Hidangan Lele Ini Masuk Istana Negara
Senin, 21 Desember 2015 - 19:33 WIB
Sumber :
- VIVA.co.id/Dody Handoko
VIVA.co.id
- Sebelum terkena pemutusan kerja (PHK), Rangga merupakan karyawan radio di Bandung, Jawa Barat. Setelah pindah ke Jakarta, ayah dua anak ini bekerja di sebuah perusahaan bidang informatika, namun nasib berkata lain, Rangga terkena PHK pada tahun 2006.

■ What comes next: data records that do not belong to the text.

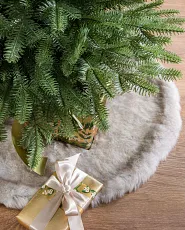 Faux fir tree skirts in gray, brown, and ivory colors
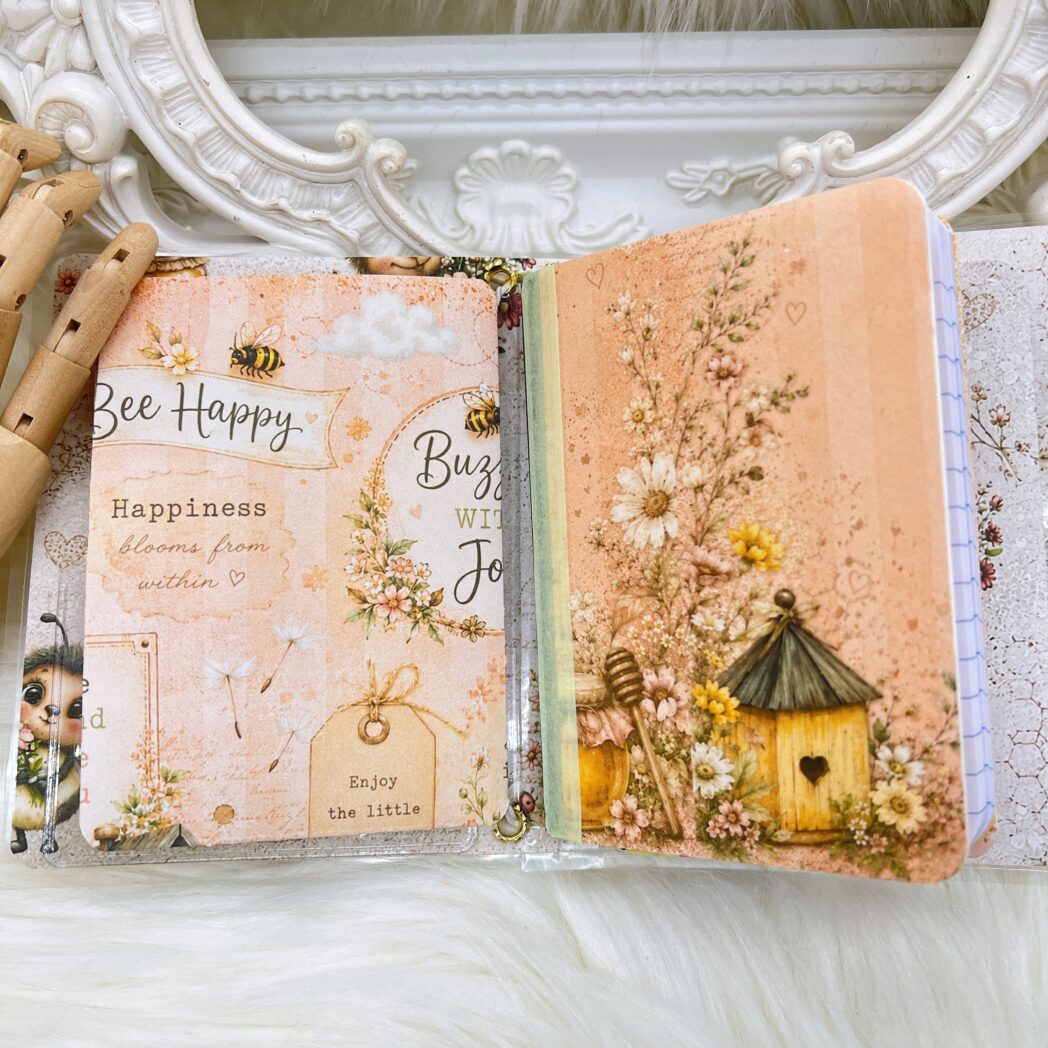 Open Honey Bees & Summer Breeze handmade micro traveler's notebook showing two altered mini composition notebooks, transparent storage pocket, handmade folders, bookmarks, and coordinating bee-themed papers.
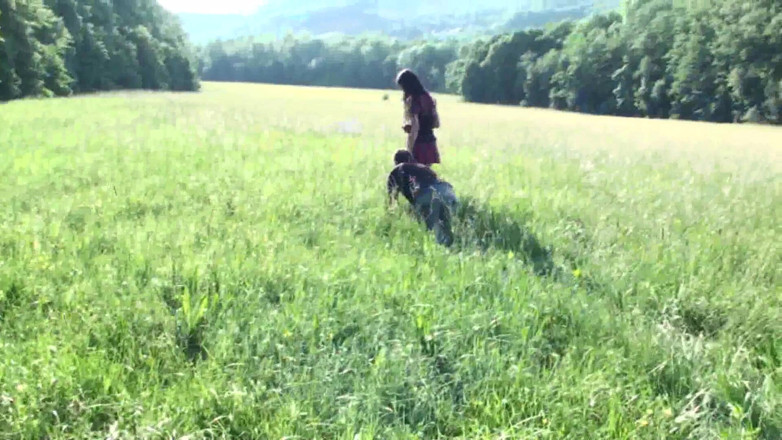 Femdom Austria: Pet on the leash in a meadow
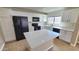 Kitchen showcasing modern appliances, white cabinets, an island, and lots of counter space at 4908 N 110Th Dr, Phoenix, AZ 85037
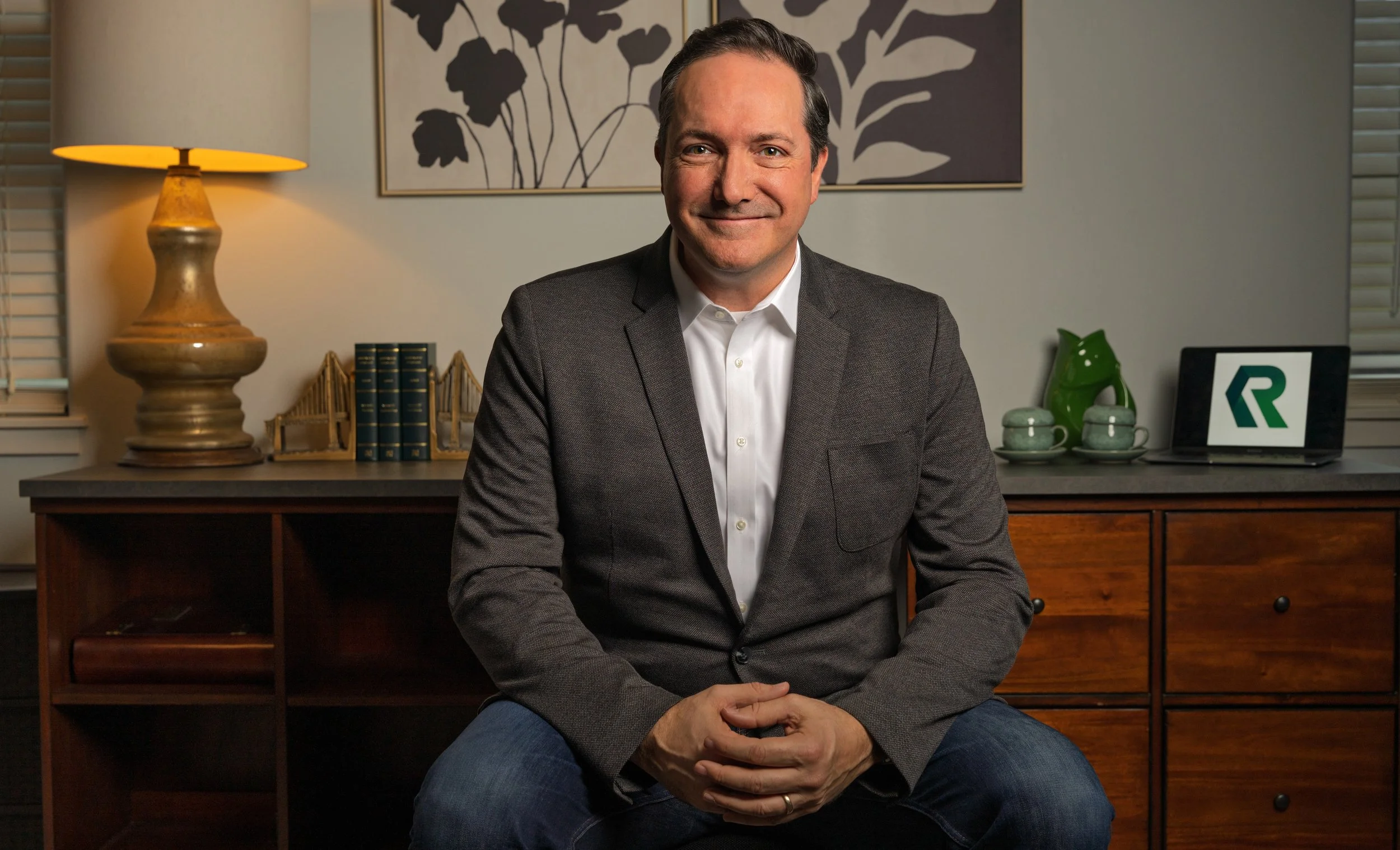 A man sitting in a room with a wooden desk, a lamp, books, a green dragon figurine, cups, and a laptop with a geometric logo, smiling at the camera.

“Waktu di PHK, saya berpikir, jika masih terus melamar untuk bekerja sebagai karyawan, berarti pengalaman pahit di-PHK akan kembali terulang. Sehingga dari pada menunggu saat itu, saya memutuskan untuk membuka usaha saja," ujar Rangga.
Itu tidak membuatnya menyerah. Dengan modal Rp3 juta, dia memberanikan diri untuk memulai bisnis di bidang makanan. Saat memulai usahanya, Rangga sadar bahwa pemain di bidang kuliner, jumlahnya sudah banyak, sehingga akan sulit membuka usaha serupa jika tidak memiliki keunikan atau spesifikasi.
Baca Juga :
Pesan Makanan Kini Hanya dengan Sentuhan Jari
Akhirnya, Rangga mulai bereksperimen mengolah ikan lele. Di tangan Rangga Umara, penyuka lele dimanjakan dengan berbagai varian menu. Lewat warung Pecel Lele Lela, hidangan lele menjadi lebih populer. Kedai Lele Lela telah menjamur tidak hanya di Jakarta tapi juga di Bandung, Solo, Medan hingga Aceh.
Menu yang ditawarkan di Pecel Lele Lela pun sangat beragam. Yang paling diminati adalah Lele Saus Padang, di mana lele terlebih dahulu digoreng dan disiram dengan saus kental berwarna merah dengan rasa tomat yang dominan, ditambah irisan cabai dan bawang bombay. Hidangan ini sangat cocok bagi yang senang rasa manis pedas. Sementara ukuran ikannya tergolong besar, sehingga puas untuk dinikmati dengan sepiring nasi.
“Lele saus Padang kini menjadi salah satu menu yang paling banyak diminati oleh pengunjung. Untuk masalah menu, kita juga kerap menggantinya sehingga konsumen tidak merasa bosan,” ujarnya menambahkan.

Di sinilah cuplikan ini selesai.